Students getting university offers based on predicted grades is “deeply unfair” and would be replaced by a new system under a Labour government, the party has pledged.
It wants people to apply to universities after receiving their A-level or equivalent grade, ahead of results day for millions of teenagers on Thursday.
Shadow education secretary Angela Rayner said the “vast majority” of predicted grades are wrong and they unfairly penalise people from disadvantaged or minority backgrounds.
The government’s Department for Education says a review into university admissions is already under way to investigate the current practice.
However, the Universities and Colleges Admissions Service (UCAS) said Labour’s plan could “significantly disadvantage” disabled students, and those from minority backgrounds.

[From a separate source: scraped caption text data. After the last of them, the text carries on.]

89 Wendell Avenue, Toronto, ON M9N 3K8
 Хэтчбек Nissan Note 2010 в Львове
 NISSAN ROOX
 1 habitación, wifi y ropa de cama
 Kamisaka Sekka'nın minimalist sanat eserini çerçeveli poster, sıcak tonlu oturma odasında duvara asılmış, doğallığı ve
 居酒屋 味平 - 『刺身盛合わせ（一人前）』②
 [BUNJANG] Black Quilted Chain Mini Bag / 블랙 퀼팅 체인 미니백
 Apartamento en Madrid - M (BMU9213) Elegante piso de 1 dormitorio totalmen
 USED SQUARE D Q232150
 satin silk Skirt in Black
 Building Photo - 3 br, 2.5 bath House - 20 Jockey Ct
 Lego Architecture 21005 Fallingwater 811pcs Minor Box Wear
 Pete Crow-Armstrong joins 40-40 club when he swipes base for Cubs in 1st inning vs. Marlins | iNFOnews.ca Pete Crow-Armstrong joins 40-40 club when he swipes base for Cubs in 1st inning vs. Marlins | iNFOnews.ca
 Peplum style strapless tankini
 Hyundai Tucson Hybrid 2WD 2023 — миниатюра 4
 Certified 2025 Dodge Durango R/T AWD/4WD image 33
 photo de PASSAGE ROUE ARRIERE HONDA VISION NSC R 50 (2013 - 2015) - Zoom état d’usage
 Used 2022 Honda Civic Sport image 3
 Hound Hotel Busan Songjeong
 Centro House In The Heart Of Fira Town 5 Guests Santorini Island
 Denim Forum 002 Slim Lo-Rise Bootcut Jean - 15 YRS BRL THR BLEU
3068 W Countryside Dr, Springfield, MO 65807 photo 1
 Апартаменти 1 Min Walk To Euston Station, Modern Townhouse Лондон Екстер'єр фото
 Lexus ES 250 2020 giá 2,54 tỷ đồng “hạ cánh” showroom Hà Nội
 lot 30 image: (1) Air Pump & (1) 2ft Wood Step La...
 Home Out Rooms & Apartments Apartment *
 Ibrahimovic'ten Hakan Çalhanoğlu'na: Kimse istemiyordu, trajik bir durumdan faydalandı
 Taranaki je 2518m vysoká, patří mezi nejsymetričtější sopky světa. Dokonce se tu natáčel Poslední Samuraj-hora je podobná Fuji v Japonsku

Laying out the plans, Ms Rayner claimed the higher education admissions system “isn’t working for students, and radical action is needed to change that”.
She said disadvantaged students whose predicted grades turn out wrong were “losing out on opportunities” and that “no one should be left out of our education system because of their background”.
The new system would be in place by the end of a Labour government’s first term in office – a maximum of five years – the MP said.
Ms Rayner added: “We will work with schools, colleges, and universities to design and implement the new system, and continue to develop our plans to make higher education genuinely accessible to all.”
Jo Grady, general secretary of the University and College Union, said the plan would help “level the playing field for students” and “end the chaotic clearing scramble” – where students apply to universities if their actual grades do not match their predicted ones.
David Hughes, chief executive of the Association of Colleges, said: “With only 16% of applicants achieving their predicted A-level grades, it is clear that pre-results applications are problematic.”
But the plans were criticised by UCAS – the organisation that currently runs university admissions.
Clare Marchant, its chief executive, said young people need their teachers’ support when applying to university, and would struggle to get it when schools and colleges are closed in the run-up to results day in August.
She added: “Universities and colleges need time for interviews, auditions, and considering contextual information about applicants, and time to put in place support services to help care leavers, first in family, and disabled students, transition into higher education.”
The current system was defended by the Department for Education, who said last year a record rate of 18-year-olds from disadvantaged backgrounds went to university – up more than 50% from 10 years ago.